## What the exercise asks
Copy the records below exactly, starting at the line that contains "Prodej zemědělského objektu, 9 337 m²" and ending at the line that contains "Parachoque delantero nissan"; leave out any pictures.

Stored data entries:
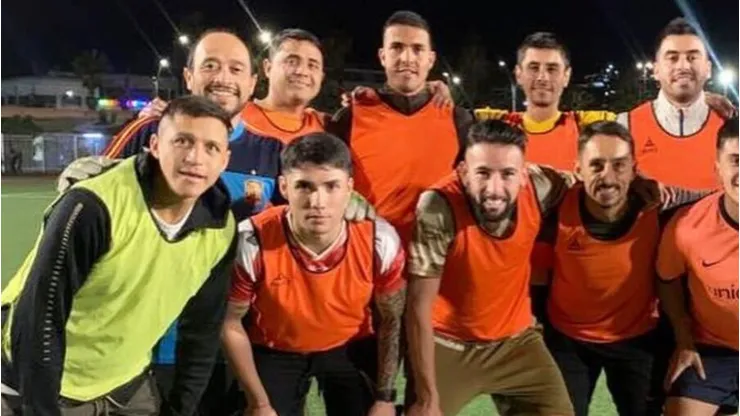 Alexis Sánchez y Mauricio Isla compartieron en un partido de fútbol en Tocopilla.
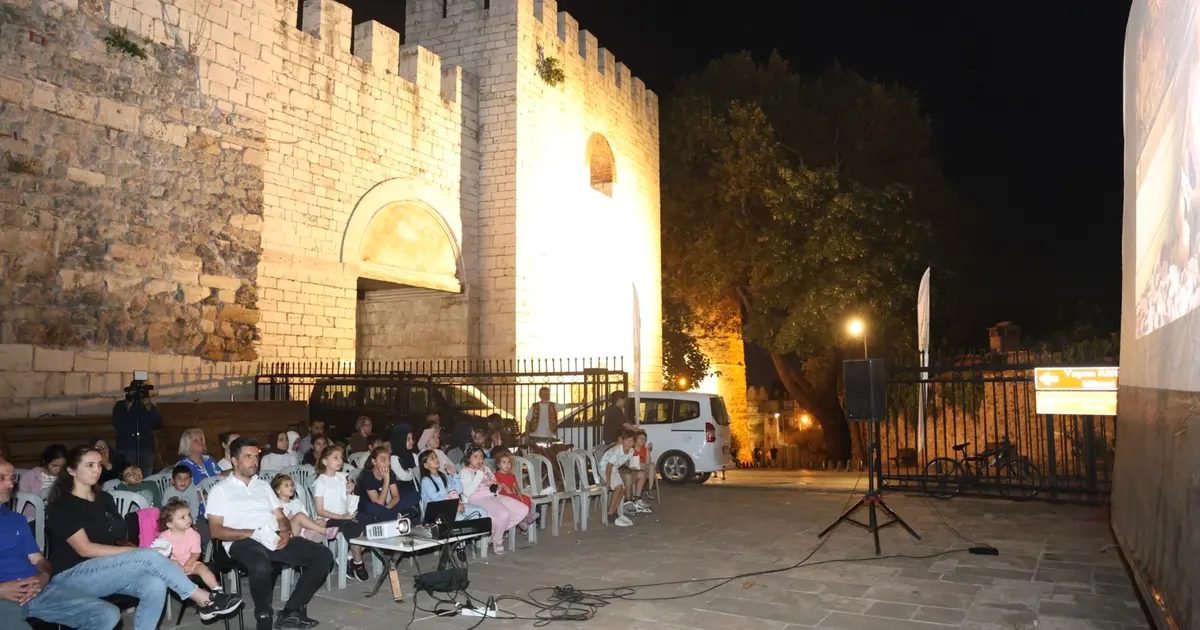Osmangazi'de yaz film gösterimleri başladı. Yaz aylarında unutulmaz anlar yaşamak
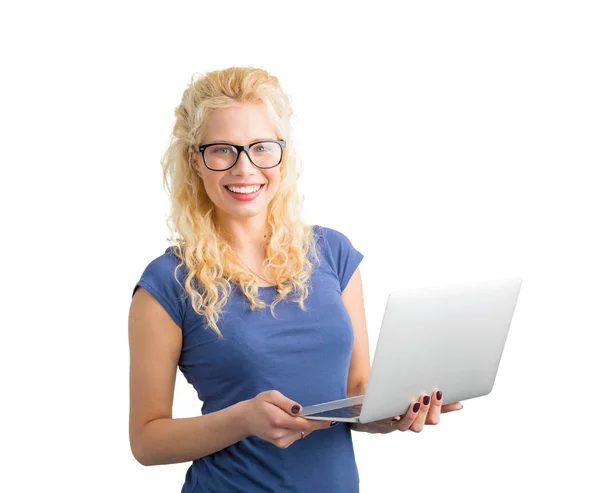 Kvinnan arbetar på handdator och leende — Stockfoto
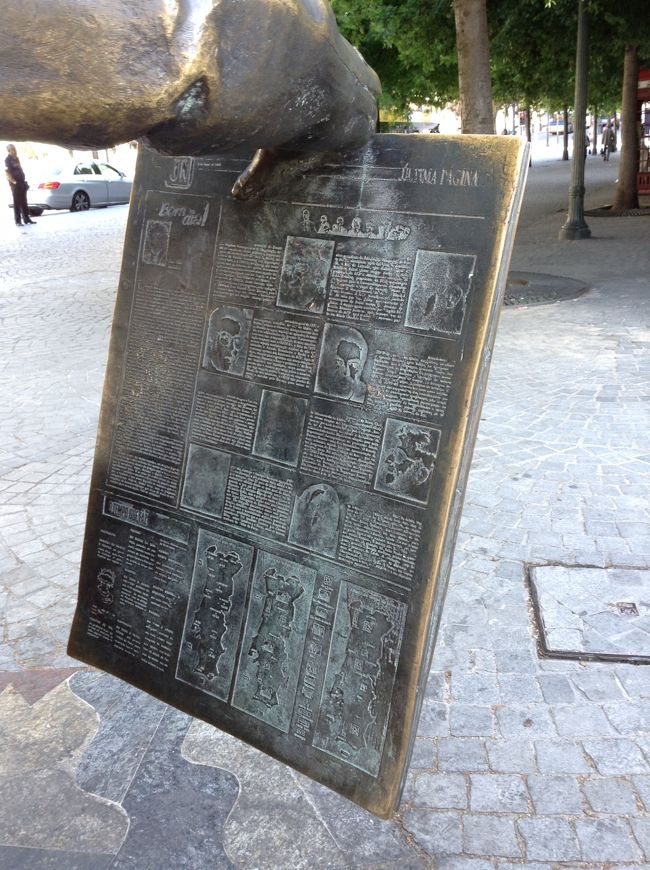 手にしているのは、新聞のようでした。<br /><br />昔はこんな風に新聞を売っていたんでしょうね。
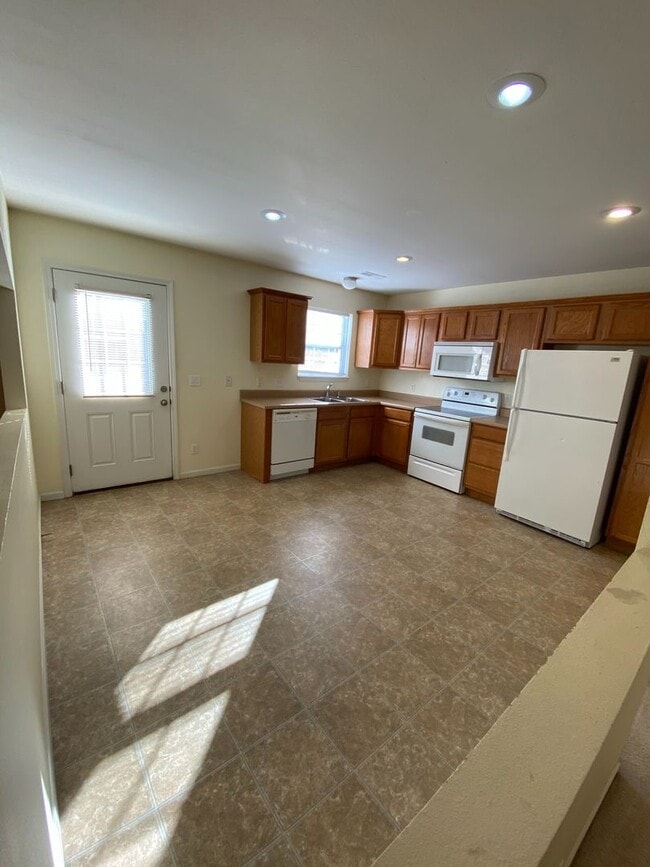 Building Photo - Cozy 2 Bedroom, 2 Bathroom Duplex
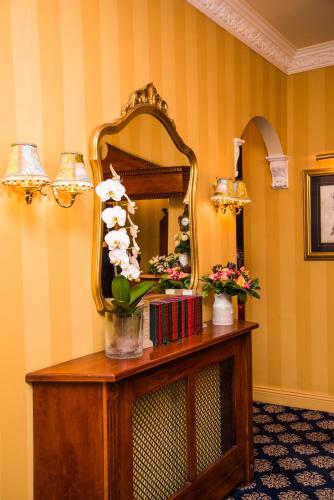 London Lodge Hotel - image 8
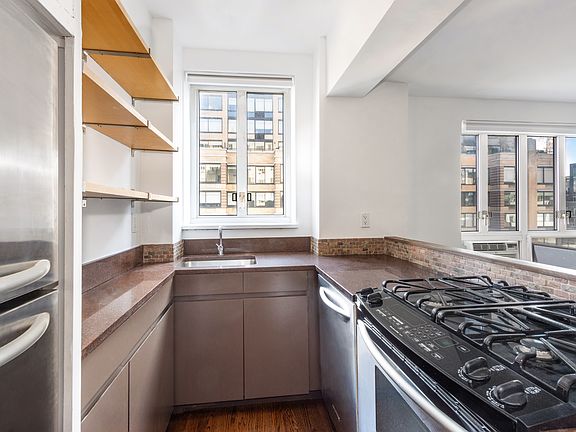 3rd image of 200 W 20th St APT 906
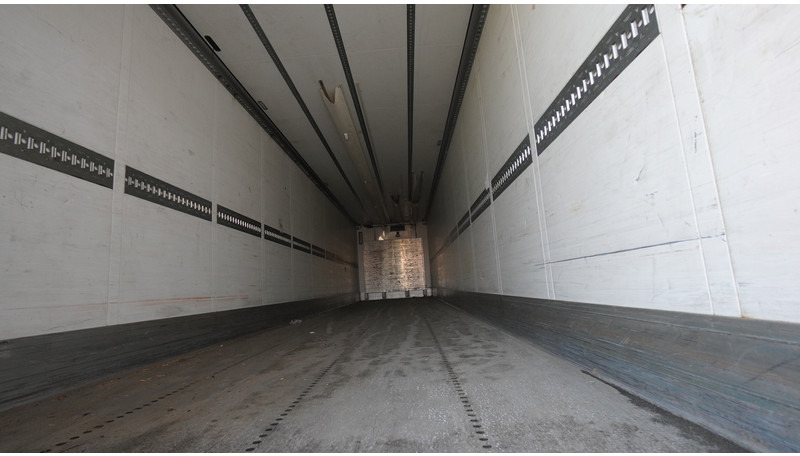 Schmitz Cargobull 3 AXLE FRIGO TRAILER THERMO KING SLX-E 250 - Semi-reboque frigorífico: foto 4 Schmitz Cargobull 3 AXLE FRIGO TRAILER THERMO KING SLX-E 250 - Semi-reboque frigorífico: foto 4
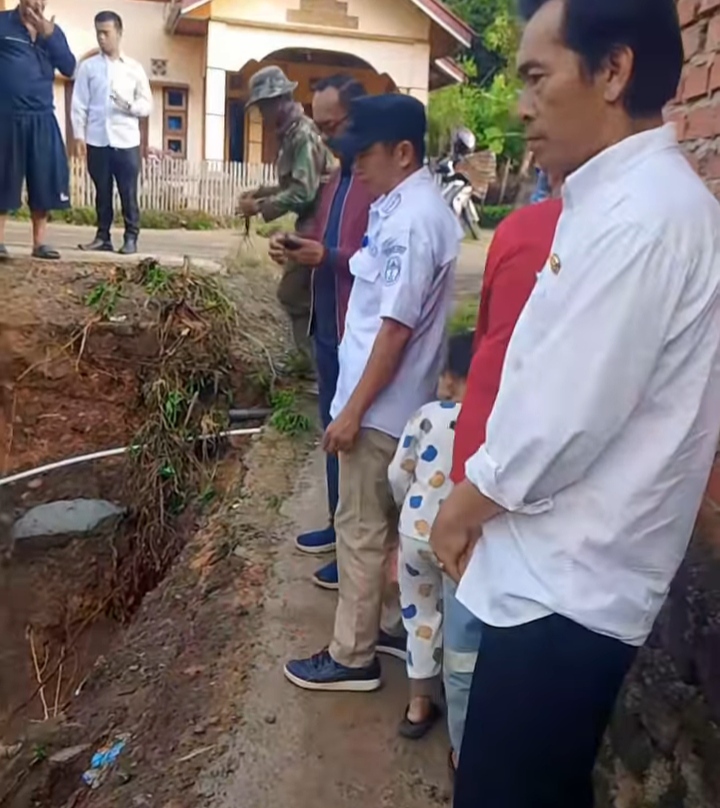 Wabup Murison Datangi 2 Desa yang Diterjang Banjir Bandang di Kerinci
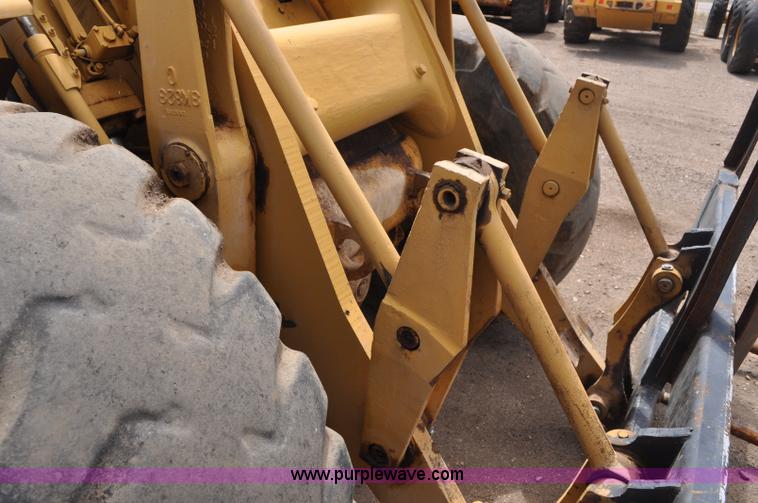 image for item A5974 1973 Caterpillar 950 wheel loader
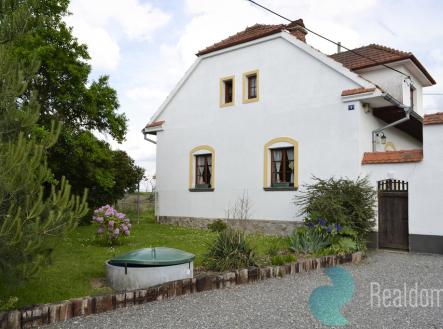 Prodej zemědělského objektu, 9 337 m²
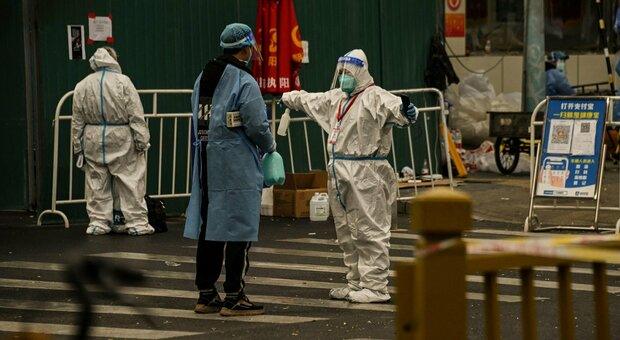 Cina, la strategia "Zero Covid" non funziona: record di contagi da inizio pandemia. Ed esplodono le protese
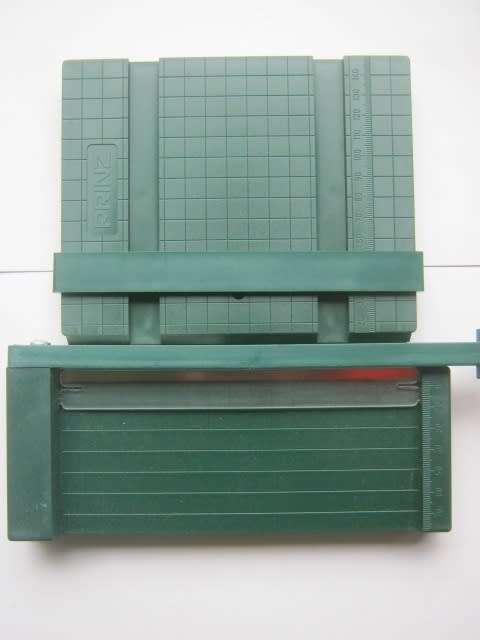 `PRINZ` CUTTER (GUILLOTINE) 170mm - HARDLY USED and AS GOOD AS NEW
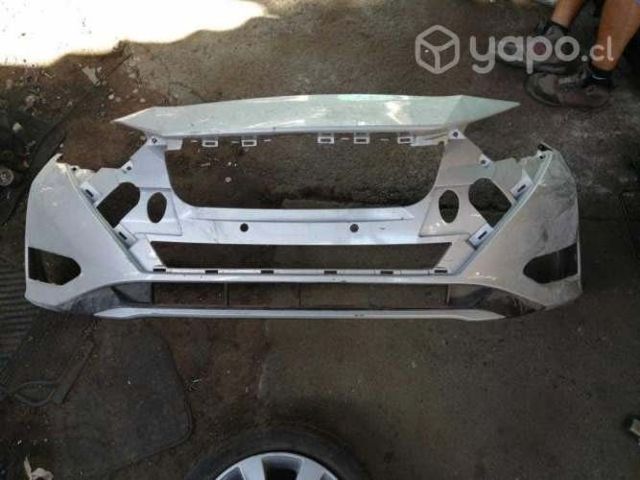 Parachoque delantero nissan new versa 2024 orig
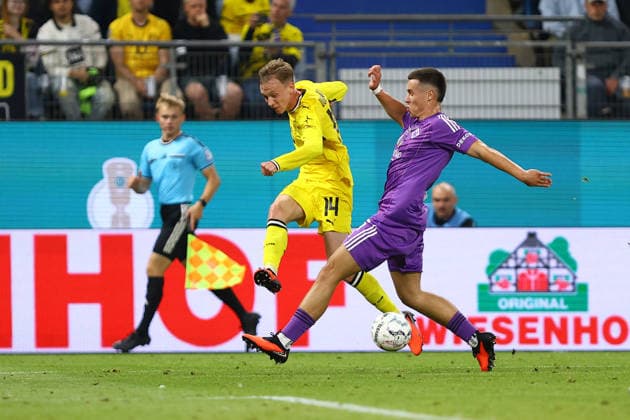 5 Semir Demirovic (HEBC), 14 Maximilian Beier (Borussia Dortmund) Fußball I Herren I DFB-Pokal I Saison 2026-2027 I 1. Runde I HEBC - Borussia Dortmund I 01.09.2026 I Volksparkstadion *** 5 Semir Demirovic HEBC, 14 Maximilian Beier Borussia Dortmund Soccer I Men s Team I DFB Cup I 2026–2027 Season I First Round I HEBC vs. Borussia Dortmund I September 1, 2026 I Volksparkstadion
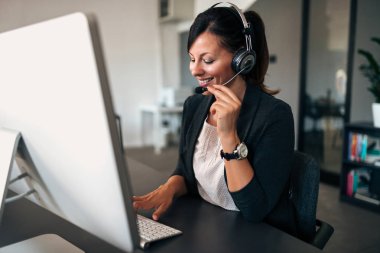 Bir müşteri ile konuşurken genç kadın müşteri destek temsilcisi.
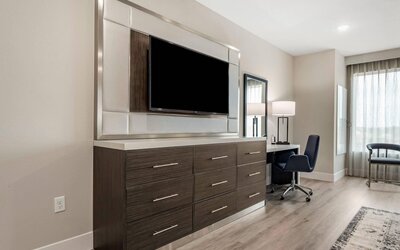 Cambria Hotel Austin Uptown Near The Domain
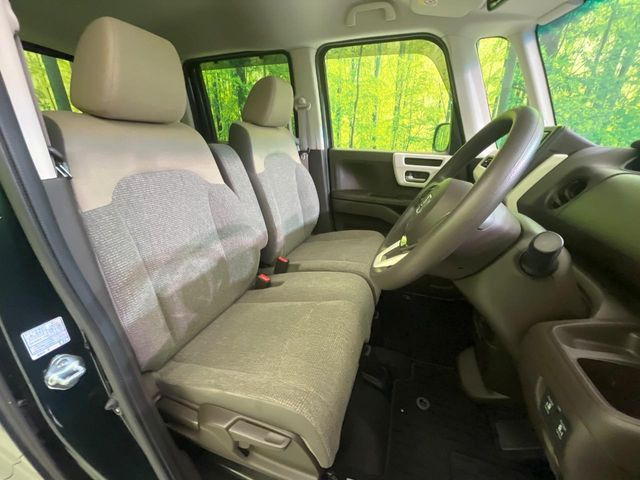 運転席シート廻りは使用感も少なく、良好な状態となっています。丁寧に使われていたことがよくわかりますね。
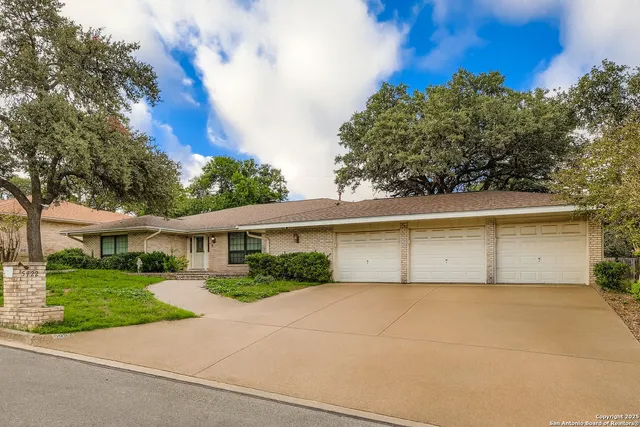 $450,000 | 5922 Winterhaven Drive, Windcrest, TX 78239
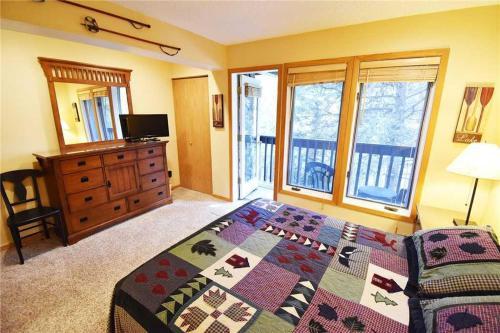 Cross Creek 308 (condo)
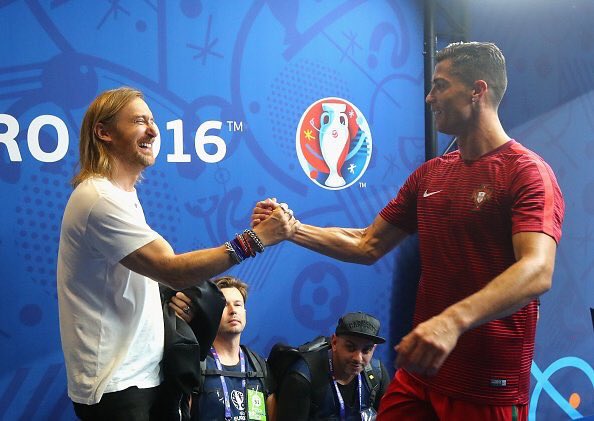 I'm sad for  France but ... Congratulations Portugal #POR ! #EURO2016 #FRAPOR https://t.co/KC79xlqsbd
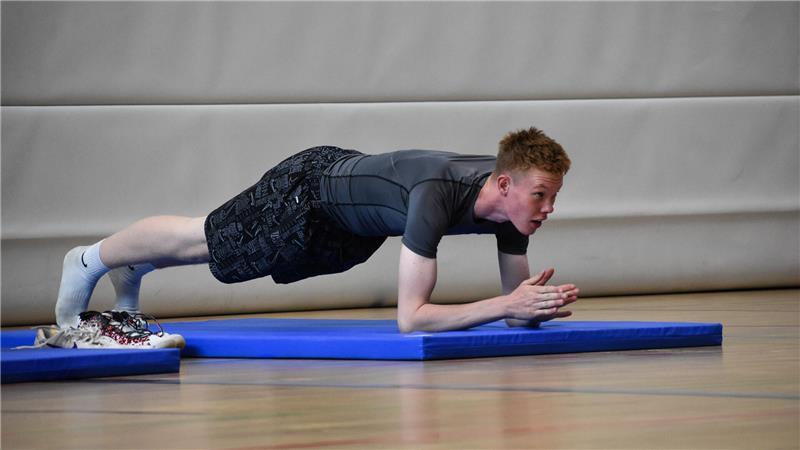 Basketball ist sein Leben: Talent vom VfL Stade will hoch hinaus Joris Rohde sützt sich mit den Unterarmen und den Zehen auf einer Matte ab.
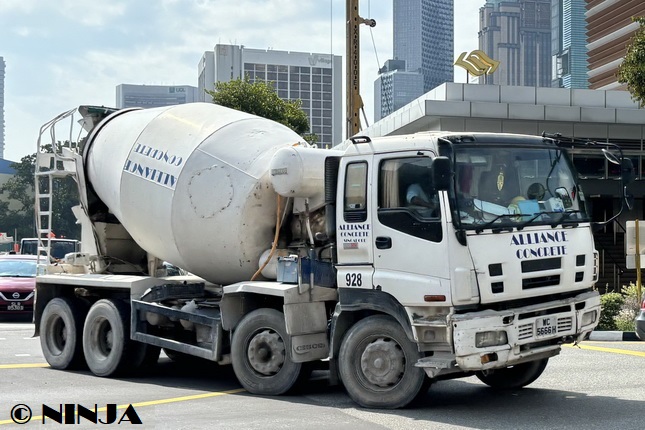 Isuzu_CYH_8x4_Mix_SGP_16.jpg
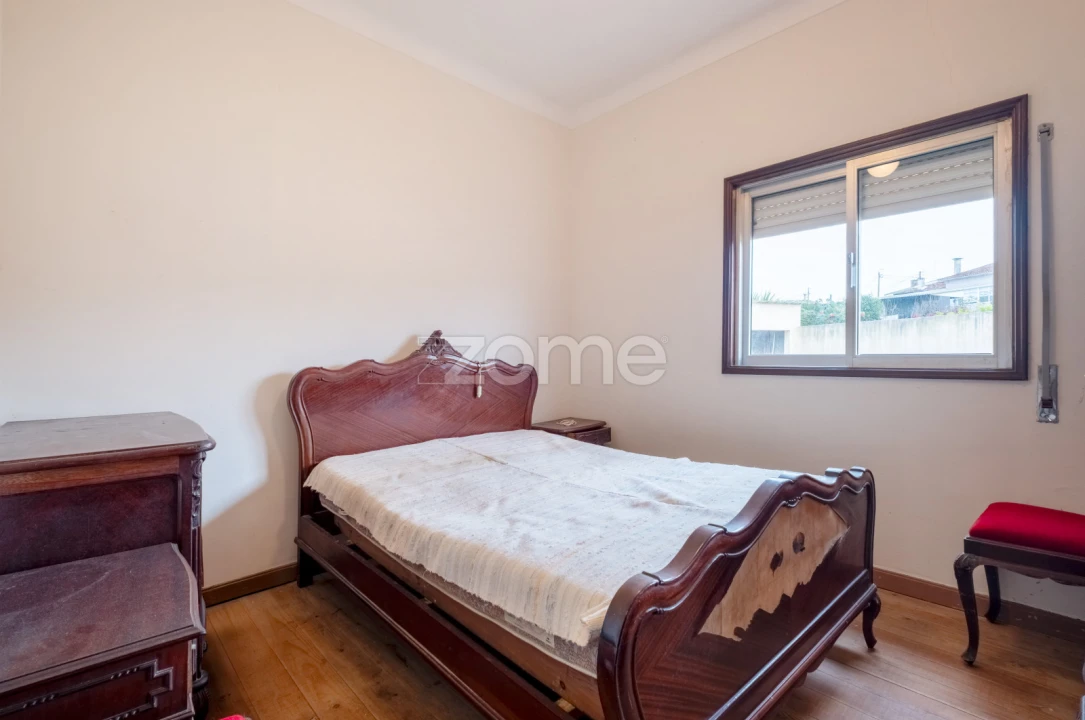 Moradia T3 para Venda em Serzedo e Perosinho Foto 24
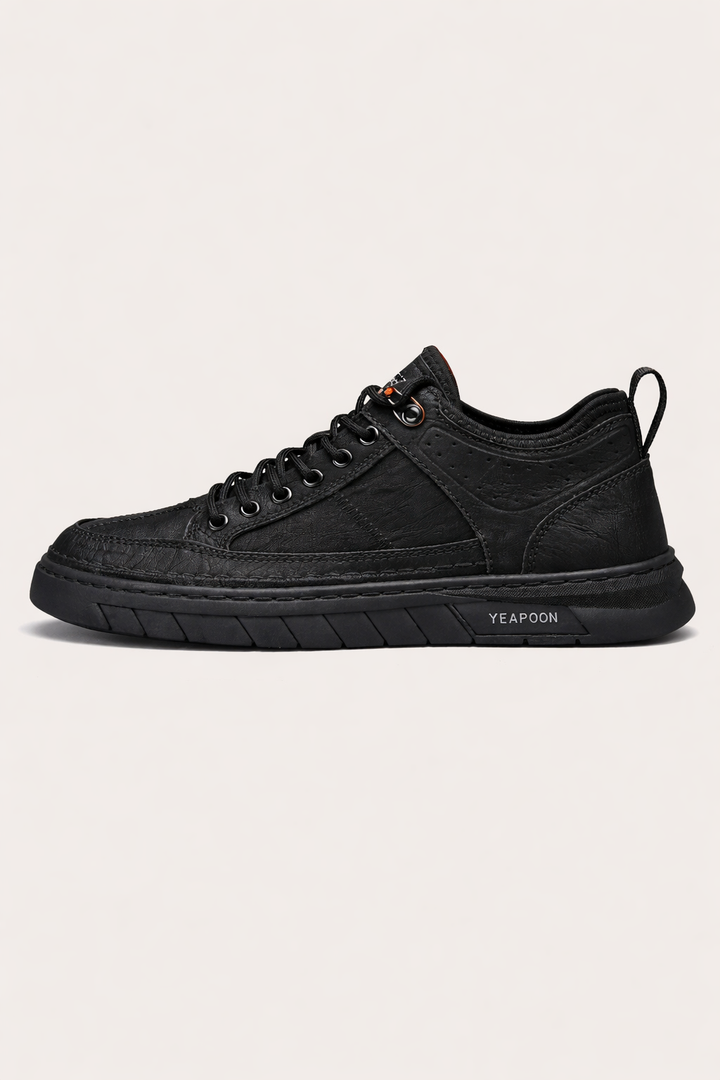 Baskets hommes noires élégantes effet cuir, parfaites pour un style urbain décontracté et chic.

## Solution for this exercise
 Prodej zemědělského objektu, 9 337 m²
 Cina, la strategia "Zero Covid" non funziona: record di contagi da inizio pandemia. Ed esplodono le protese
 `PRINZ` CUTTER (GUILLOTINE) 170mm - HARDLY USED and AS GOOD AS NEW
 Parachoque delantero nissan new versa 2024 orig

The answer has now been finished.